Mas que os agentes culturais já viram mudanças?

Eu penso que sim. Vamos ver, nunca estão satisfeitos. Se formos comparar com outros setores da vida social e económica, se alguém da área da cultura, um artista, dá um grito, o quarto poder faz logo uma manchete. Têm um eco e uma capacidade de expressão que os outros não têm.

Têm acesso mediático para fazer reivindicações.

Estão no seu direito de as fazer e penso quanto mais cultura tiver o país, melhor é para a cidadania, para todos os cidadãos. Como dizia Churchill, quando não quis cortar no orçamento da cultura, “então para que é que fazemos a guerra?”. Agora, é preciso vermos que há uma oferta que nunca existiu, que há uma capacidade instalada, que há qualidade. Como já tenho uma idade mais provecta, lembro-me a dificuldade que foi na Lisboa 94, a Capital da Cultura, da qual fui comissário. Na abertura do Coliseu, depois do restauro, veio a Sinfónica de Londres. Neste momento temos músicos, já formados pós 25 de Abril, do melhor que há no mundo e nas grandes orquestras.

Se somarmos o investimento público das autarquias e do Estado, ultrapassamos largamente o 1%, vamos no 1,60 e tal. E isso muitas vezes não é tido em conta.

Mas o orçamento da Cultura é suficiente? Ou o problema da cultura não é a falta de orçamento?
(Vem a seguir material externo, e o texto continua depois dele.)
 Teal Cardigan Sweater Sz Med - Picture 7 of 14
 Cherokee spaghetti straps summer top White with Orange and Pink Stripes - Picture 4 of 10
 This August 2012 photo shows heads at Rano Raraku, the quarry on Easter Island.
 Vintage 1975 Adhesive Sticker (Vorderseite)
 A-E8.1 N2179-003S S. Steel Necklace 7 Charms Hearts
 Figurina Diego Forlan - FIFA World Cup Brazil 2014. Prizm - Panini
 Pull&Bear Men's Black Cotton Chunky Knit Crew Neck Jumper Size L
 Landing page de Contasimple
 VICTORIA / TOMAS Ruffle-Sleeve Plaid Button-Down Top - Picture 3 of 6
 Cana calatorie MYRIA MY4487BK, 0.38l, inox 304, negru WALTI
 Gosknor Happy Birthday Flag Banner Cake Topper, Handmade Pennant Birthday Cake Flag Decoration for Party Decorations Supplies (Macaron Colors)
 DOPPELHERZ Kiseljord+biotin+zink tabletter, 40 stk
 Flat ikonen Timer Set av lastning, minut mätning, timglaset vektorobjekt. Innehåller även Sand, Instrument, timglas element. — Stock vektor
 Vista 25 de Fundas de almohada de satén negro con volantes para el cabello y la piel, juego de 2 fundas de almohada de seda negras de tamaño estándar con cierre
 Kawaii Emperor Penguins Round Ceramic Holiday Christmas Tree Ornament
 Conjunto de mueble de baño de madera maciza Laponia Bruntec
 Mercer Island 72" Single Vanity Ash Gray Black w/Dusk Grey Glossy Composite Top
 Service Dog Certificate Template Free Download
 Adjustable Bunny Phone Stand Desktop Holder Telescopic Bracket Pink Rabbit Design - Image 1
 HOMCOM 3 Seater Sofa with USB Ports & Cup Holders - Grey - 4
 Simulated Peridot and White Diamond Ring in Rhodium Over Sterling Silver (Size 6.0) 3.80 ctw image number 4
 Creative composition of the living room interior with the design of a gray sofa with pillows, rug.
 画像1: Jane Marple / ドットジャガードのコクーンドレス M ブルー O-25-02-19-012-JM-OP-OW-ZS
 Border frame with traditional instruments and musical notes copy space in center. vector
Penso que não é o problema. Aliás, temos aquela ideia do 1%, mas as autarquias investem em cultura brutalmente neste momento. Portanto, se somarmos o investimento público das autarquias e do Estado, ultrapassamos largamente o 1%, vamos no 1,60 e tal. E isso muitas vezes não é tido em conta. O que é necessário é criar condições para que a criação possa ser estimulada em rede. Porque depois há muita mentalidade do quintal, que é muito cultural, muito nossa, do exclusivo. Eu não tenho problemas nenhuns em fazer uma parceria com a Casa da Música, para trazermos alguém importante e dividir por dois.

Faz Lisboa e Porto.

E diminui custos. Temos um sonho, esse não posso divulgar, e parece que vai correr bem. Mas tudo isso tem que ser trabalhado e articulado, o foco está no país. A cultura também pode ser um fator de coesão. A tal desertificação, um país com 3200 quilómetros de autoestradas, parece que só serve para as pessoas virem para o litoral. Portanto, todo esse processo tem que ser conduzido dessa forma integrada. A cultura não escapa a isso. Não é por haver mais 50 milhões ou 100 milhões que que a política cultural se altera. Eu penso que a política cultural tem que ser vista transversalmente e integrada no conjunto das opções estratégicas do país.